OpenAI has released a new update for its hugely popular chatbot ChatGPT to ensure it produces more factually accurate responses and to improve its basic mathematics skills. The update comes as the company also published its first “detection tool” to help spot when AI is being used in a piece of text, though this apparently has a low success rate.

OpenAI launched ChatGPT in November 2022 and has been gradually improving it since it was launched. (Photo: Ascannio/Shutterstock)

Though its creators did not expect it to prove popular, within a few days of launching at the end of November last year ChatGPT had passed the million-user mark, and has since become a viral sensation. Since its launch OpenAI has been slowly improving the system, adding new functionality and cleaning up responses to make the chatbot more accurate.

Earlier this month it gave users the ability to stop it from generating a response halfway through if it wasn’t churning out what they expected. It also had the first accuracy boost. Accuracy has been one of the biggest problems facing the chatbot since its launch, with coding site StackOverflow blocking ChatGPT-generated responses as they are often accurate-looking but wrong.

The first round of updates saw technical improvements that reduced the number of times ChatGPT would simply refuse to answer or cut out mid-response. They also placed limits placed on the number of concurrent users to reduce the load on servers. There are still extended periods when users can’t access the system due to it being at capacity.

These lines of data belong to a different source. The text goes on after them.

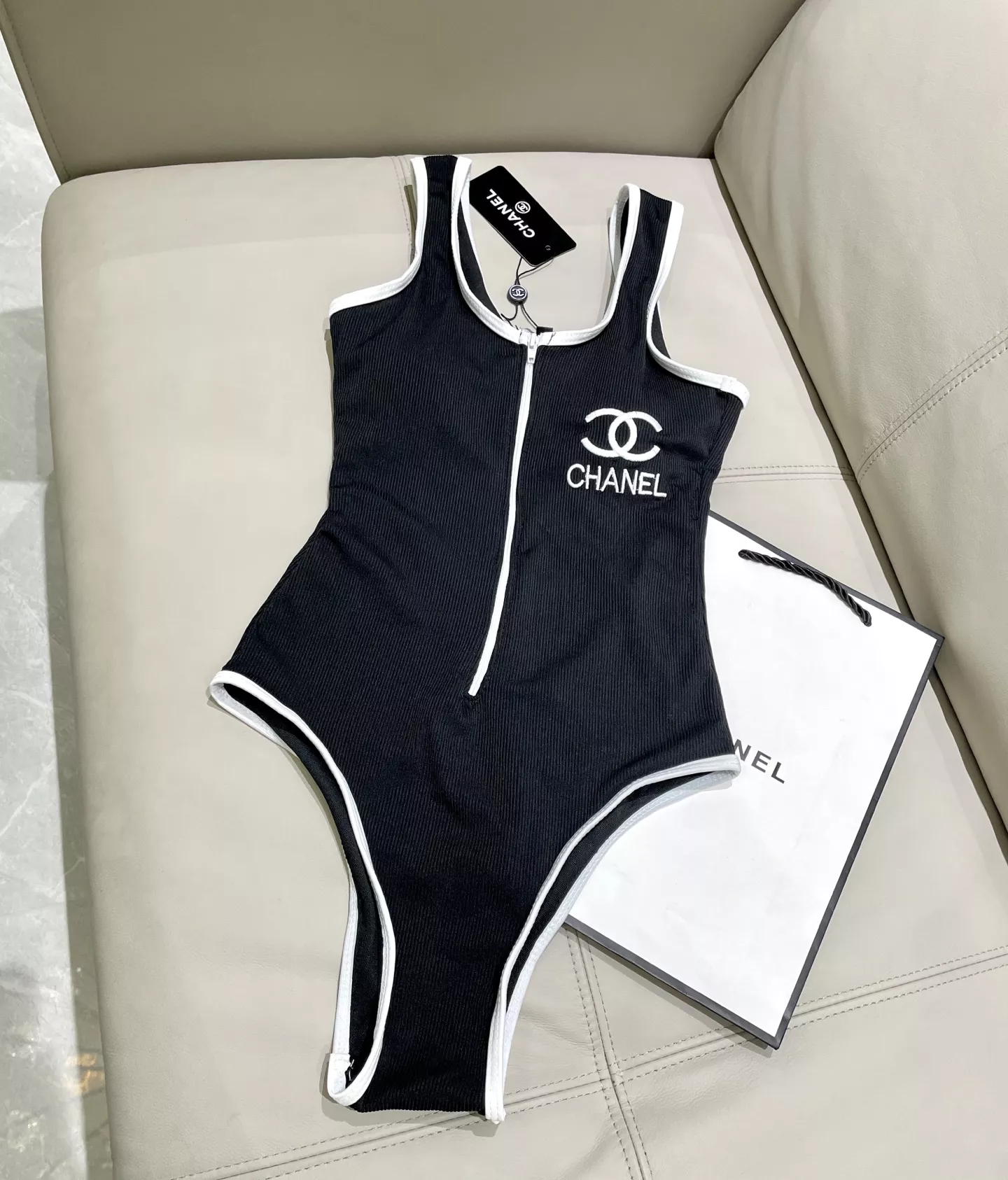Chanel Bathing Suits For Women ModernLook 7974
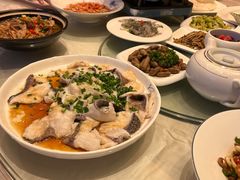 -千岛湖鱼味馆(十字街总店)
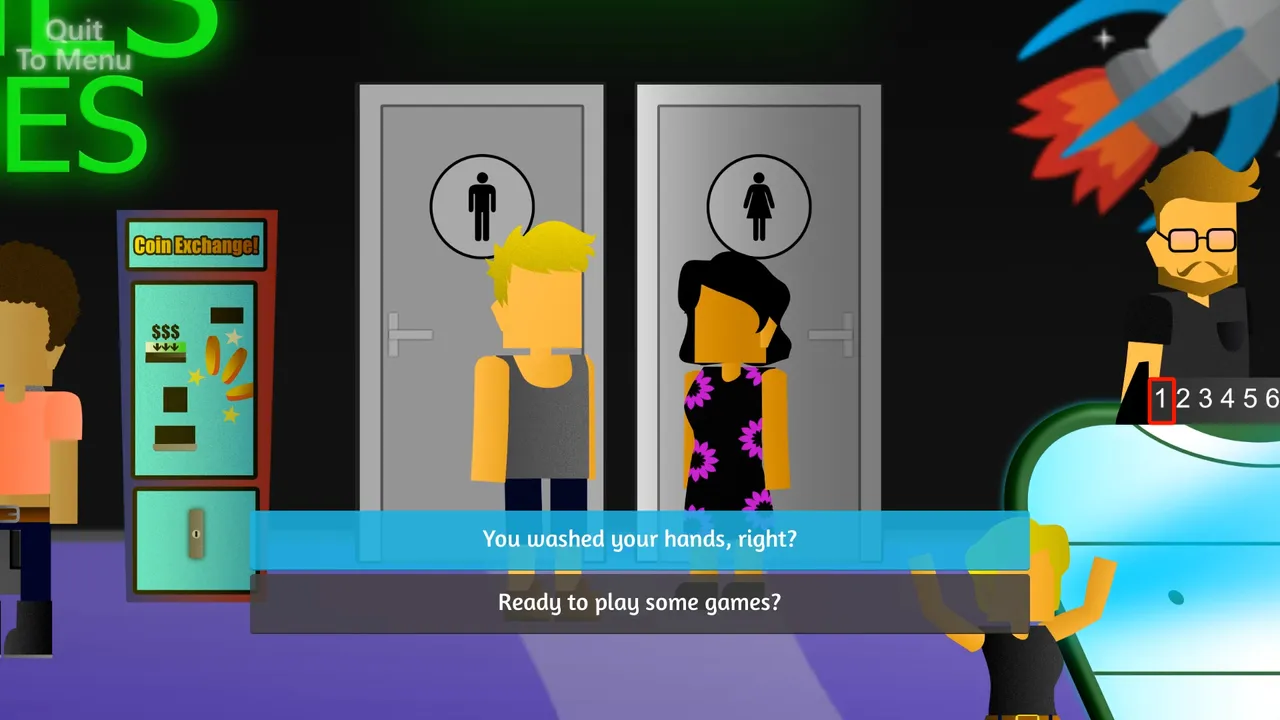 Flix and Chill Screenshot 0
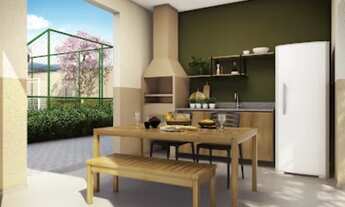 Imagem 6: Apartamento para venda tem 40 metros quadrados com 2 quartos em Santa Etelvina - Manaus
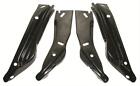 Goodmark 1969 Chevelle Malibu El Camino Front Bumper Bracket Set GMK403200569S Chevrolet Chevelle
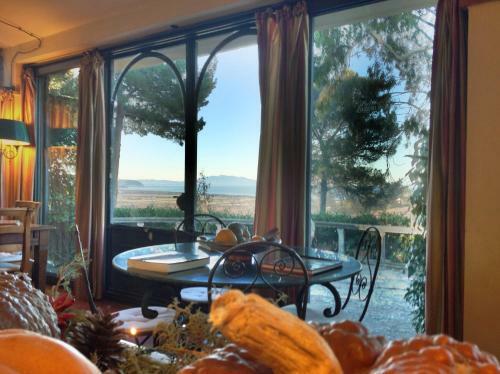 Agroturismo Poggio Ai Santi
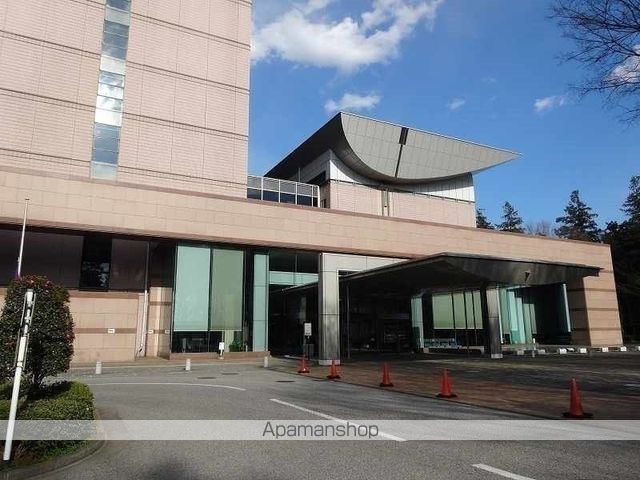 その他　野田市役所（その他）まで768m
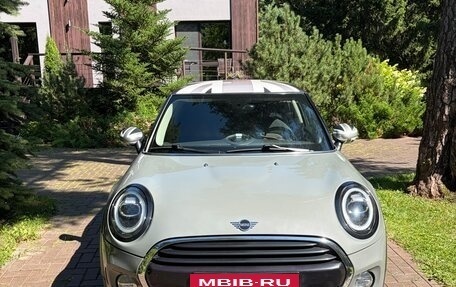 MINI Hatch, 2018 год, 2 180 000 рублей, 7 фотография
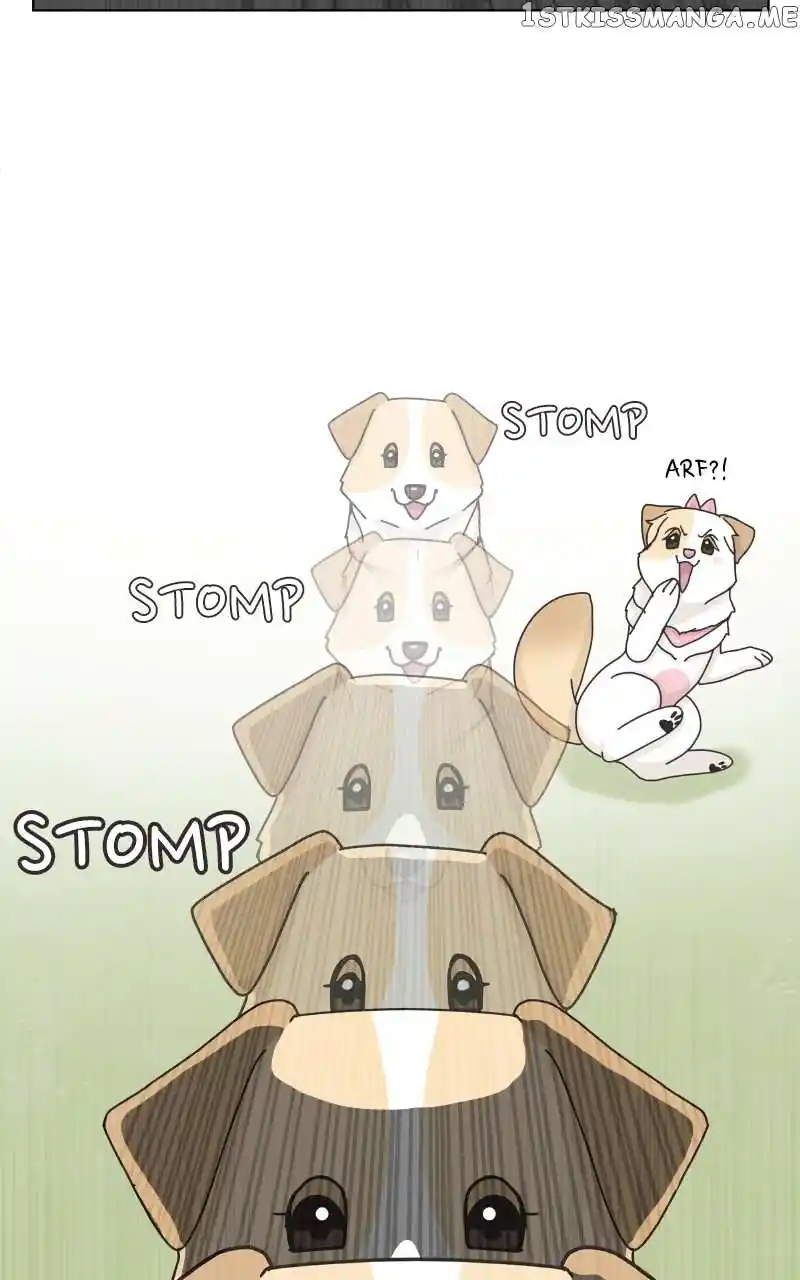 The Dog Diaries Chapter 104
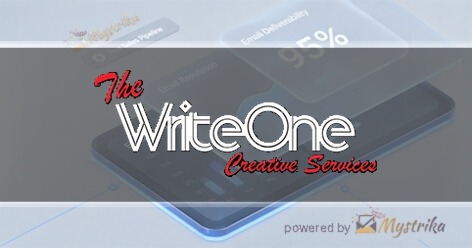 The WriteOne Creative Services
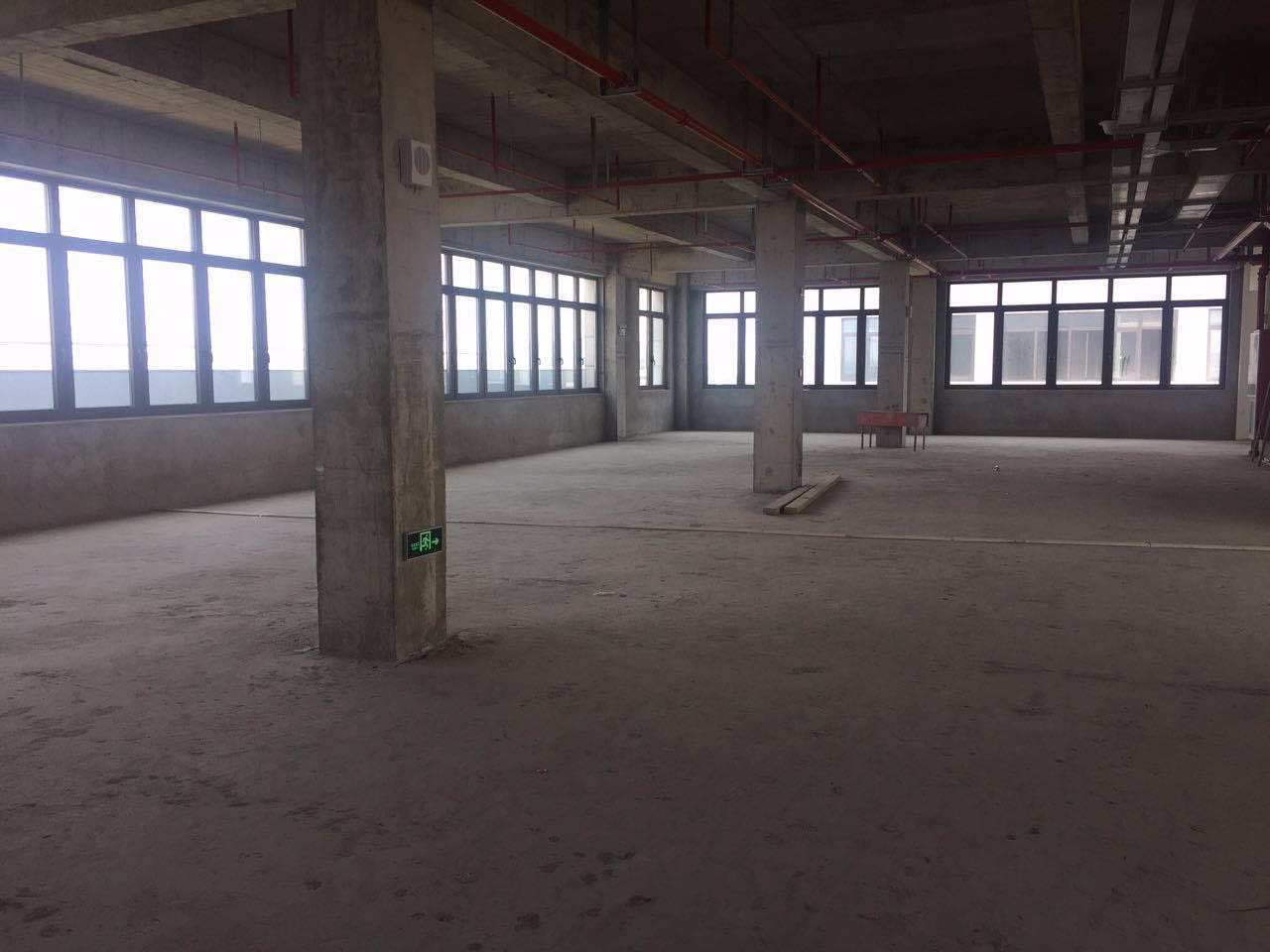 海宏科创闵行 海宏科创 1000平米 毛坯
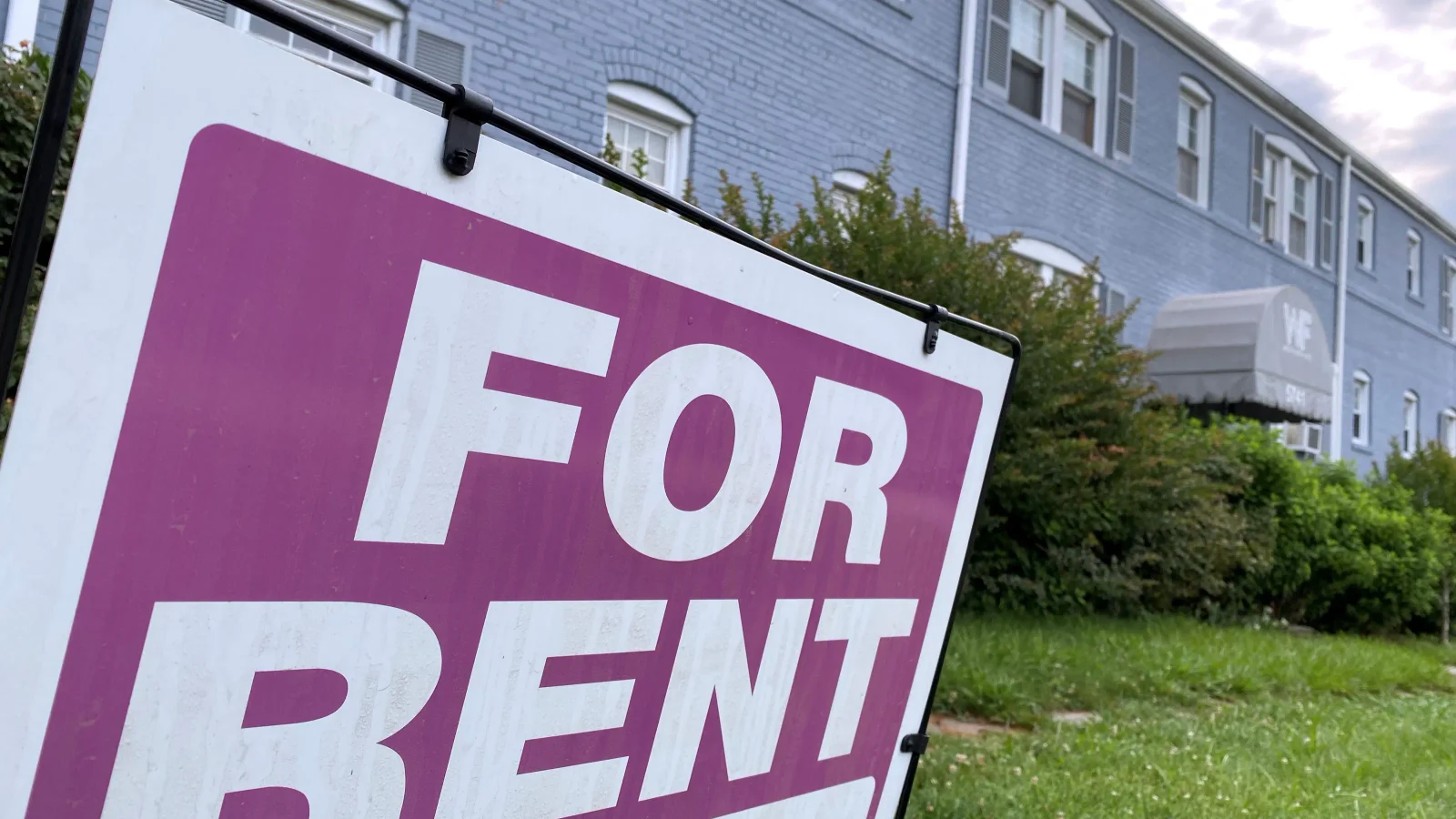 Bay Area renters rally against surprising $200 work-from-home surcharge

This latest update was to improve its “factuality and mathematical capabilities”. That was the full extent of the most recent release notes. The team didn’t go into details on how it has improved those features, although ChatGPT has been known to be thrown by some mathematical problems.

Improved maths skills will likely allow it to handle complex calculations and provide more precise answers which would improve its value for professionals using it to generate reports or look for patterns in data. It is also much harder to trick it into giving a “wrong answer” in response to a simple query.

Is ChatGPT preparing for an API?

These gradual updates to the chatbot are likely designed to test and improve its functionality, removing its ability to make damaging or harmful responses, before the ChatGPT API is released by OpenAI. This API will join others from the start-up including image generation through DALL-E 2 and code production through Codex.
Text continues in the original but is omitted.